Comme parfois, comme souvent dans ces cas là, j'ai été prise d'une crise d'éternuements à répétition (allergie à la conjonction courant d'air/contrariété). Au dixième éternuement, et devant mon incapacité à trouver quoi que ce soit dans mon sac à main, le passager en face de moi m'a tendu un mouchoir en papier, j'ai remercié, je me suis mouchée, et tout en éternuant j'ai continué ma lecture, avec le sentiment confus d'une certaine disparition, en effet : l'ambition d'être un peu auteur, ou même seulement lecteur, se retrouvait dispersée aux quatre vents. Le "je" sous la figure de l'éternuement, en quelque sorte : quelque chose d'irrepressible, de convulsif, et de très passager.
Et puis nous sommes arrivés au terminus, et tandis que je tentais de remettre de l'ordre dans le fatras de feuilles et de kleenex, j'ai senti une main se poser sur mon bras.
C'était le passager à côté de moi. Je l'ai regardé, pour la première fois. Un petit monsieur, le teint mat, le visage très ridé, les yeux noirs. Il m'a souri, puis il m'a dit quelque chose, d'un peu ânnoné. Je n'ai pas entendu, je lui ai fait répéter, et c'est vrai que je me raidissais déjà, j'envisageais qu'il m'ait touché le bras pour ensuite me taper, au sens métaphorique.
Alors il a répété ce qu'il avait à me dire, et ce qu'il avait à me dire, c'était : "bonne journée".
Ce monsieur hier matin a fait cette chose incongrue. Il a posé la main sur moi, il m'a souri et m'a dit bonne journée. Ce petit monsieur, vieil immigré, que dans un réflexe douteux j'avais déjà mis dans la catégorie de ceux qui attendent qu'on leur donne quelque chose, c'est à moi qu'il a fait un cadeau : sa main, sa parole, sans que pour une fois je n'ai besoin de rien réclamer.

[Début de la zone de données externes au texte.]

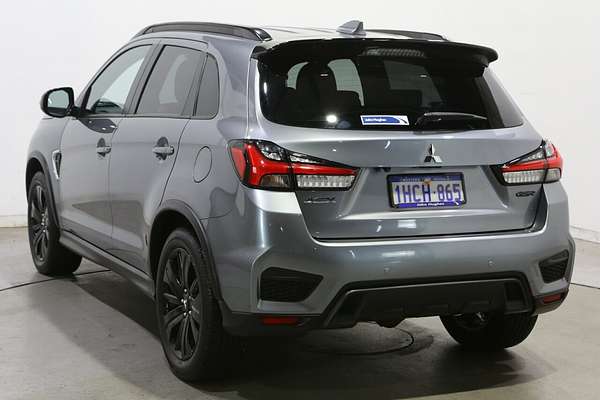 2020 Mitsubishi ASX GSR XD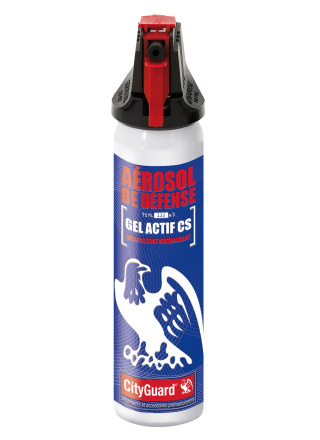 AEROSOL GEL 75 ML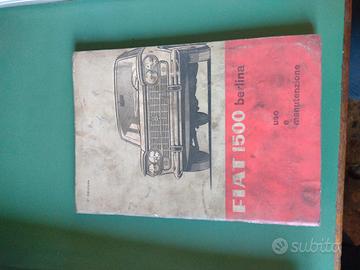 Fiat 1500 berlina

Ca a duré très peu de temps, quelques secondes, le temps qu'il me dise cela, bonne journée, et que je lui souhaite la même chose en retour.
Ensuite, je me suis retrouvée sur le quai, en proie à la stupeur, à la douceur.

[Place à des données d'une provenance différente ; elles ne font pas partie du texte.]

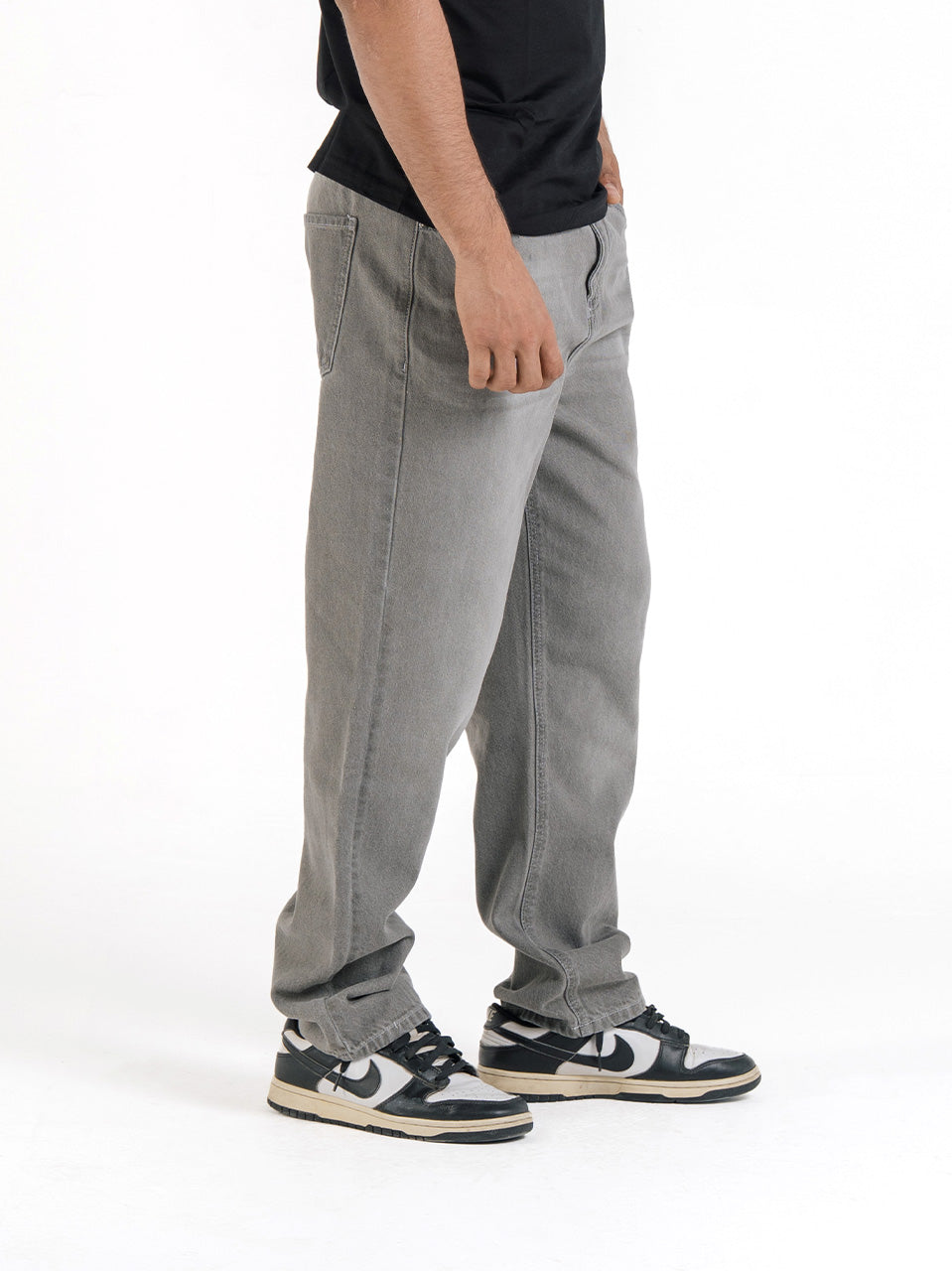 STRAIGHT MEN'S JEANS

J'étais comme une eau subitement calmée.

Dans le métro d'après, j'ai continué ma lecture, et c'était complètement différent, j'avais l'impression qu'on me parlait de ce qui venait de se passer. Je lisais ceci : "Toutefois, l'oeuvre n'a pas ici de forme prédéterminée et n'existe semble-t-il qu'au travers d'interactions". Et puis aussi ceci : "Le monde est difficile à entrouvrir".